Custom voice recognition in Roku app using Google Speech to text library

Media & Entertainment

17 / Jul / 2025 by Lokesh Singh Sodha 0 comments

Roku provides a library that supports basic voice commands, such as “play”, “pause”, “next”, and “fast forward”, Roku also provides a keyboard integrated with voice search. However, we cannot integrate custom voice commands directly from Roku’s voice library. Through this article, we will cover how to integrate custom voice commands into a Roku channel using the “roMicrophone” component and a third-party voice recognition library, such as the Google Speech-to-Text API.

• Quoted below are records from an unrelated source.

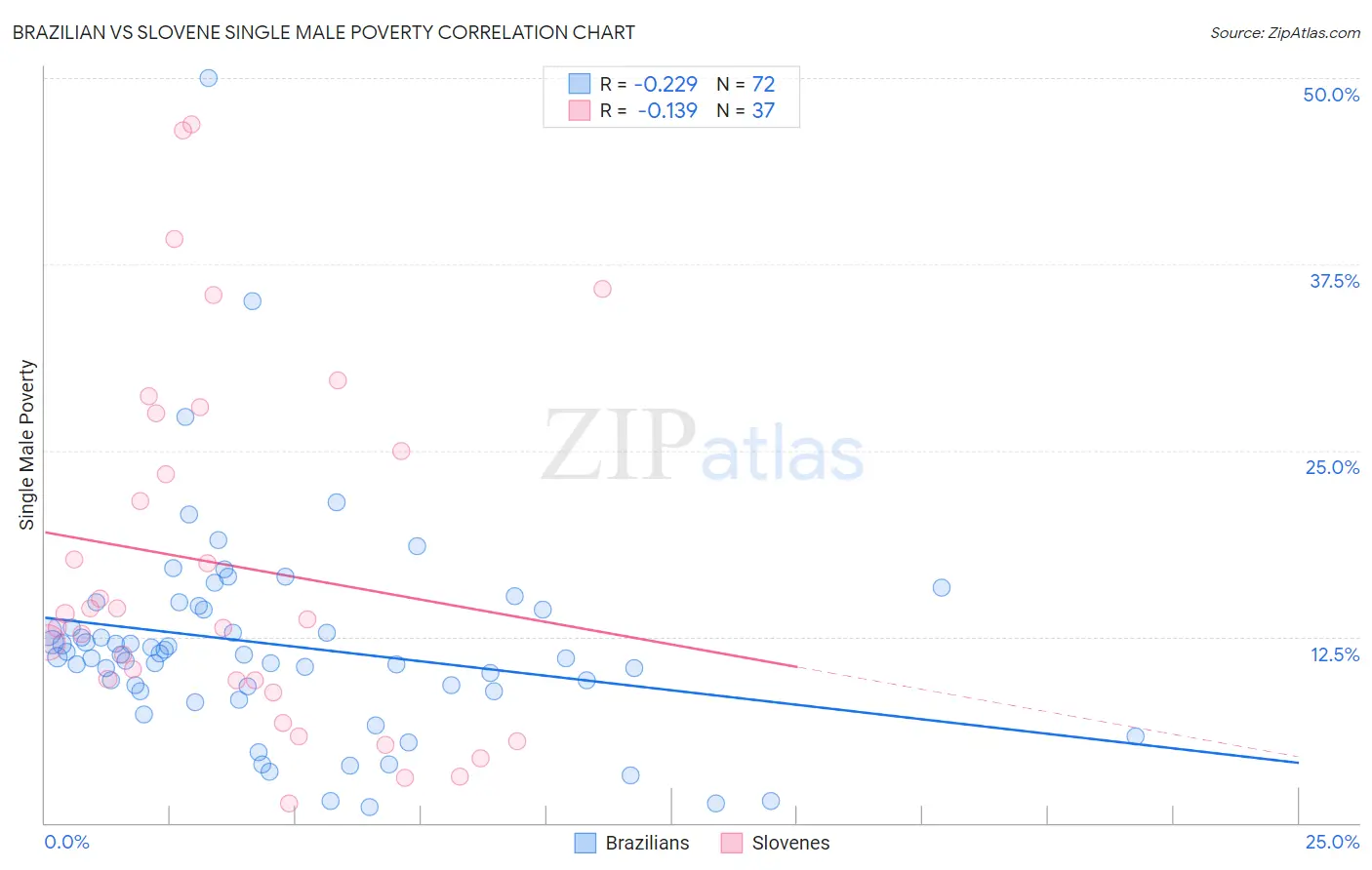 Brazilian vs Slovene Single Male Poverty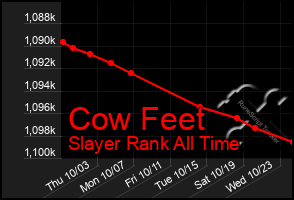 Total Graph of Cow Feet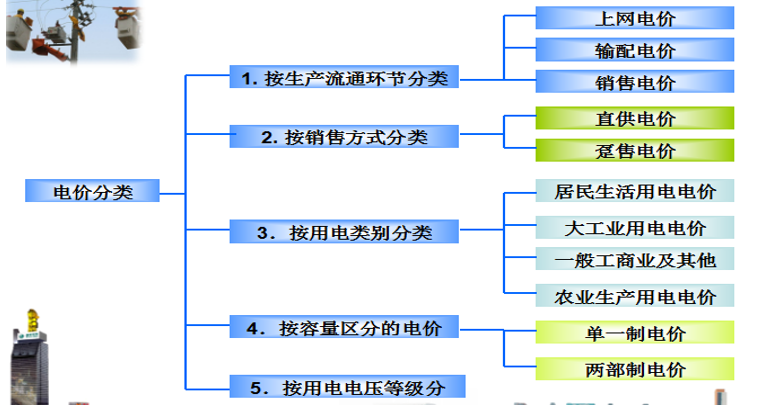 售電必備技巧：電力營銷、風險規避、交易和運營策略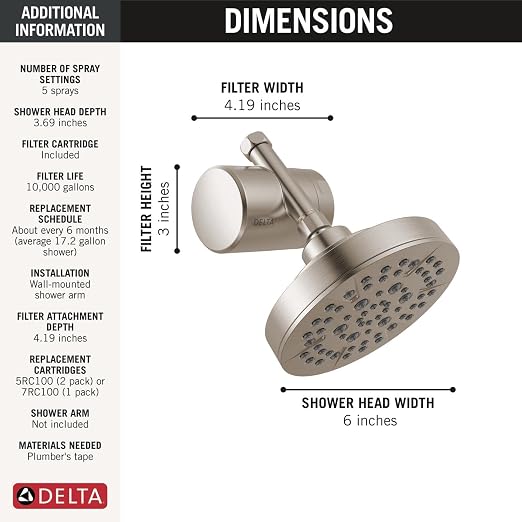Delta Faucet 5-Setting Shower Head Brushed Nickel - Image 6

To use the voice recognition service, the Roku device must be running on OS 7.6 or later.

Prerequisites

Knowledge of Roku app development using Brightscript/Scenegraph.
Google Cloud Account with billing enabled.
Roku device with developer mode enabled and had OS version 7.6 or later.

Integration Steps

Custom Voice command integration will be done in 2 main steps.

Google Cloud Speech-to-Text API Setup.
Roku Channel code setup.

Setting up the Google Speech-to-Text API

Firstly, we need to create a Google Cloud account. Sign in to the Google Cloud console and enable billing.
Create a new project, give a name as per your preference.
Open “APIs and Services” and select the Cloud Speech-to-Text” API.
Click on the “Enable” button to enable the Speech-to-Text API.
Create an API key.

Google Cloud Console

Cloud Speech to Text

Code Setup

Create a custom component(that is responsible for listening and returning the text) named as VoiceRecognizer.xml
Create a “roMicrophone” object to access the Roku remote’s mic.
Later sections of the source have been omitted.